As the end of the year approaches, how well do you know your personal “tax landscape?”
From income changes to changes in family size; from growth in capital gains to the potential impact of alternative minimum tax; from the annual hunt for additional tax deductions and the proverbial “shoebox” of unorganized receipts, how well you are prepared can directly impact how well you are able to engage in smart year end tax planning.
Charitable Giving & Tax Planning
A recent article in Forbes touched upon charitable contributions as one way to engage in smarter tax planning.

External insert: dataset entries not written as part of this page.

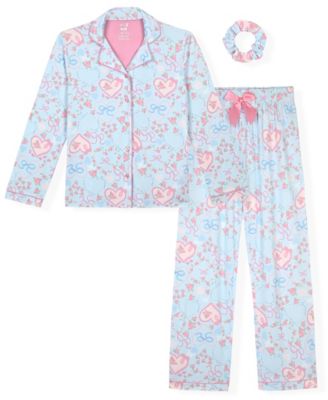 Girls' 7-16 Milky Print Coat Pajama with matching Scrunchie, 3-Piece Set 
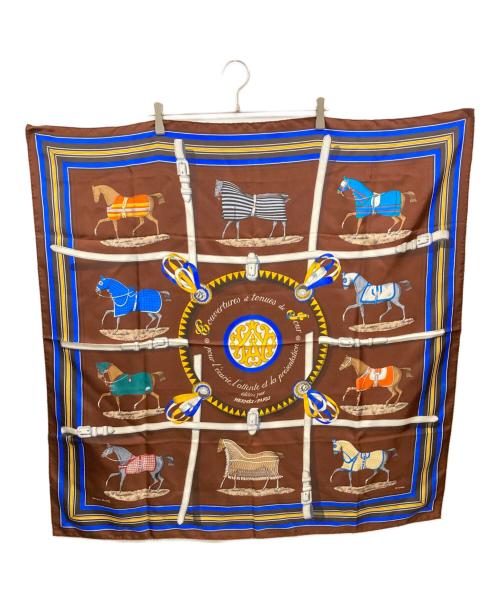 HERMES（エルメス）HERMES (エルメス) 馬着柄シルクスカーフ ブラウン×ブルーの古着・服飾アイテム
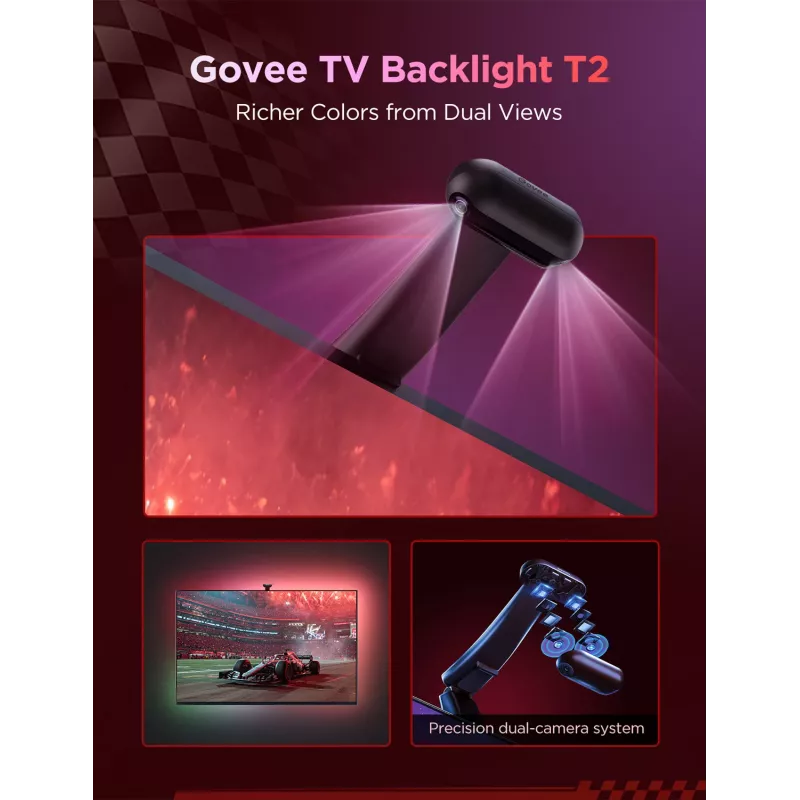 Taśma LED Govee Envisual TV Backlight T2 z dwiema kamerami do telewizorów 75–85 cali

Donor advised funds (DAFs) are a tool that can serve your tax reduction needs in the following ways:
- You can receive an immediate income tax deduction in the year you contribute to your donor advised fund. Since a DAF is administered by a public charity, contributions immediately qualify for maximum income tax benefits. The IRS does mandate some limitations, depending upon the adjusted gross income (AGI) of the donor:
- Deduction for cash – up to 50 % of AGI.
- Deduction for securities and other appreciated assets – up to 30 % of AGI.
- There is a five-year carry-forward for unused deductions.
- You will incur no capital gains tax on gifts of appreciated assets held longer than one year (i.e. securities, real estate, other illiquid assets.)
- A donor advised fund will not be subject to estate taxes.
- The investments in a DAF can appreciate tax-free.
If you are subject to alternative minimum tax (AMT), your contribution into a DAF will reduce your AMT impact. Certain assets, such as closely-held stock and real estate, can allow a donor to enjoy the full-market value of the assets as a deduction (subject to the AGI limitations mentioned previously.)